This year was a rough one for college sports, to say the very least. The idea that some senior athletes devoted their entire college careers to a sport that was canceled only partway through the season is devastating, and the on-again, off-again startup of fall sports took fans on an emotional roller coaster they did not deserve.
In the chaos that was the constantly changing Pac-12 guidelines for when to resume play, there were a few glimmers of hope — including one especially bright glimmer, but I’ll get to that later. Here’s a recap of what Cal sports in 2020 looked like, starting with an era that feels so very far away but wasn’t actually that long ago.
Pre-pandemic sports, aka the part of 2020 that felt normal
Remember when 2019 had just ended and the new year felt like it was filled with fresh hope and possibilities? Yeah, me neither. But I know that there definitely had to be a time before all this, a time when college sports and large crowds thrived. Days before the Pac-12 announced the suspension of all live sporting events, Cal baseball squared off against San Jose State in an attempt to redeem itself from its unfortunate nonconference record. By a stroke of good fortune, the Bears beat the Spartans, and all seemed calm and well.

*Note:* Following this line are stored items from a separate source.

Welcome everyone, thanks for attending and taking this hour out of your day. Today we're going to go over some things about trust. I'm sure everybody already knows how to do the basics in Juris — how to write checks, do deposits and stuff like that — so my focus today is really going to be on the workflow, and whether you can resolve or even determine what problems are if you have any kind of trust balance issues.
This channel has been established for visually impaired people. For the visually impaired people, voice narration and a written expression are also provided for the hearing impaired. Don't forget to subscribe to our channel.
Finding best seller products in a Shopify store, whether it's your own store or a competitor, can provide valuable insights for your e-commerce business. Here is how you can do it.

Around the same time that baseball ended on a high note, two throwers from Cal’s track and field team qualified for the NCAA indoor championships. This victory left the team optimistic for the outdoor season and gave it motivation to train even harder in hopes of some athletes qualifying for the outdoor championships.

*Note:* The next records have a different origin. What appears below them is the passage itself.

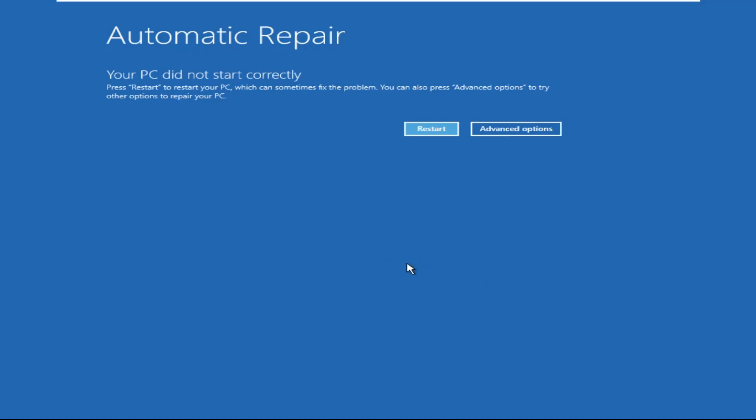Hey guys, I will show you how to fix this problem. What you need to do is restart your system, and when the Windows logo appears, you have to turn off your computer. Do this process twice.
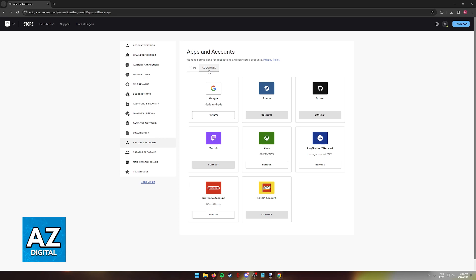So you will have stuff like Google, Steam, GitHub, Twitch, Xbox, PlayStation Network, Nintendo account, and finally your Lego account.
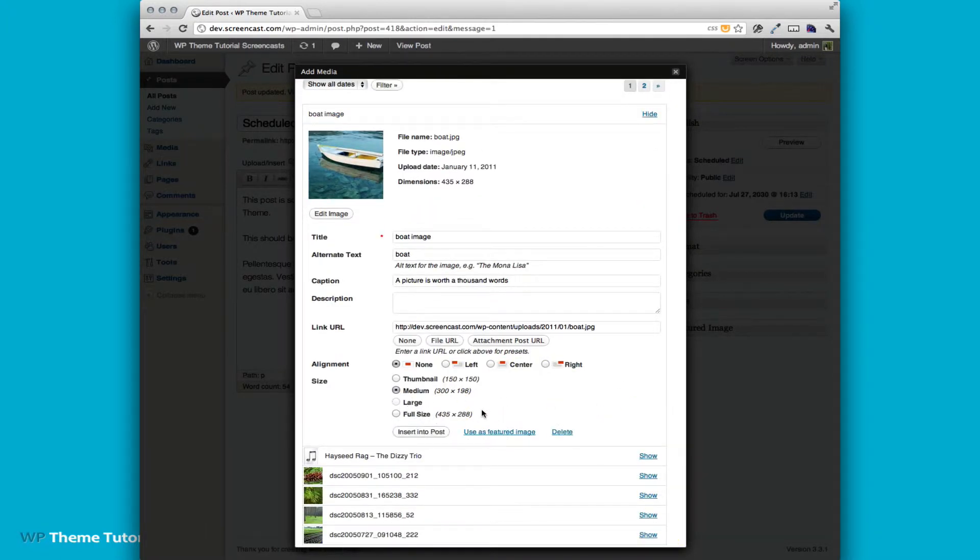As you can see, we have full-size. In some themes, this can make the image hang off the side of the content area. Yes, by setting the content width variable as well as some CSS, you can make sure that it's never going to do it. But why even provide this option to your user?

Women’s beach volleyball celebrated its highest placement in program history with a No. 9 ranking after nine consecutive victories. The shortened ending to this record-breaking season means that the next time the team resumes play, it will be a season to look forward to.
Cal men’s swim was also in the midst of an excellent season in early 2020 and had just won its third consecutive Pac-12 title when the pandemic brought it all to a crashing halt. Senior Ryan Hoffer was named the Pac-12 swimmer of the meet after a superb performance in several events and a comeback from a disqualified relay, and head coach David Durden celebrated his fifth Pac-12 victory as coach for the blue and gold.

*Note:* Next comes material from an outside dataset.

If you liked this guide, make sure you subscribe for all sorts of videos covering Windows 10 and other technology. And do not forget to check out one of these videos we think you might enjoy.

For the first time in three years, Cal men’s basketball notched a win at the Pac-12 tournament, upsetting rival Stanford. This success came shortly before the tournament was canceled, and hopeful fans were left guessing at what could have been.
Cancellation of fall sports in March
All momentum built in the spring for Cal Athletics came to a crashing halt when the Pac-12 announced the suspension of all sports through the end of the academic year. Everyone was disappointed, athletes especially, but understood that this decision was made for the greater good of the country’s public health.
Cal alumna Abbey Weitzeil celebrated the abbreviated season with the 2020 Honda Sport Award for swimming. This award acknowledges the best female athlete in each of the 12 major collegiate sports, and Weitzeil’s win marks the eighth time a Cal swimmer has been the recipient of this award.
Hoffer was named Pac-12 Swimmer of the Year after an impressive season and strong performance at the Pac-12 Championships, where he won a total of five events and paved the way for Cal’s victory.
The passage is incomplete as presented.